Kennedy biographer Nigel Hamilton says that Joseph P. Kennedy, the father of the Kennedy clan, was such a proud and arrogant man that he would banish from his home any guest–including the friends of his children–whom he felt did not give him enough attention or confirmation of his views. The result, according to Hamilton, is that after a while only the obsequious and the boring and the shy were permitted in the Kennedy compound, thus depriving the family, including the future president, of the kinds of contacts that could have broadened their horizons and challenged their thinking.

Again, pride isolates whereas humility connects. Pride is interested in the self at the expense of others whereas humility is interested in others at the expense of self. Pride seeks glory for itself but rarely gets it as the truly proud collapse in on themselves, finally resulting in a little wad of ego. Humility is always extending itself toward God and others in a life of service that finally results not in a dense wad of ego but in a gloriously extended self, open toward others like a flower in full bloom and so, as with Jesus, is glorious for all to see.

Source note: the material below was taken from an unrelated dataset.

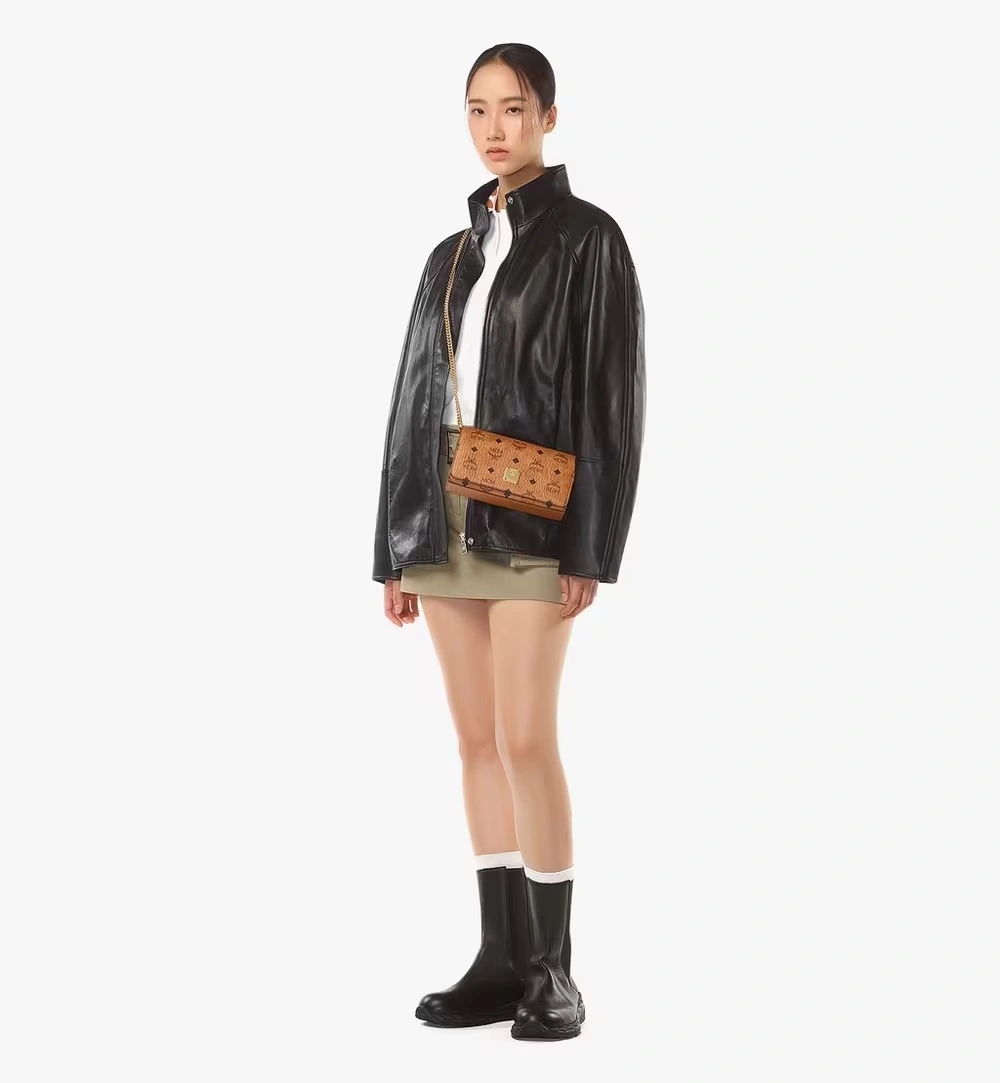 Mini Aren Shoulder Bag in Visetos Cognac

Indeed, perhaps the biggest shock of the hymn in Philippians 2 is the idea that after his emptied-out life and death of service, the Son of God somehow managed to arrive at a higher point of exaltation than what he had enjoyed before he became human! But if you were God to begin with, how could you ever get higher or more exalted than that?! Philippians 2 says that it is possible because now not only is Jesus God but he is the acclaimed Lord of lords. Humility is finally so powerful that it can enhance the life of even God himself!! Humility, Paul is saying, can and has changed both God and the world.

Illustration Idea

The story is told among Jews of a rabbi who always signed his letters with the words, “From one who is truly humble.” One day someone asked how a humble person could ever say such a thing about himself. A friend of the rabbi’s replied that the rabbi had in fact become so humble that he no longer even realized it was a virtue–it had simply become his life. Describing himself as humble seemed to him as innocent as saying he had brown eyes.

“If Jesus means anything to you, if his Spirit is in you and his compassion occupies even the smallest corner of your heart, then make humility your life,” Paul writes. Let that central movement of God in salvation–the move away from power and toward humble service–become so much a part of your life as to be nearly a reflex.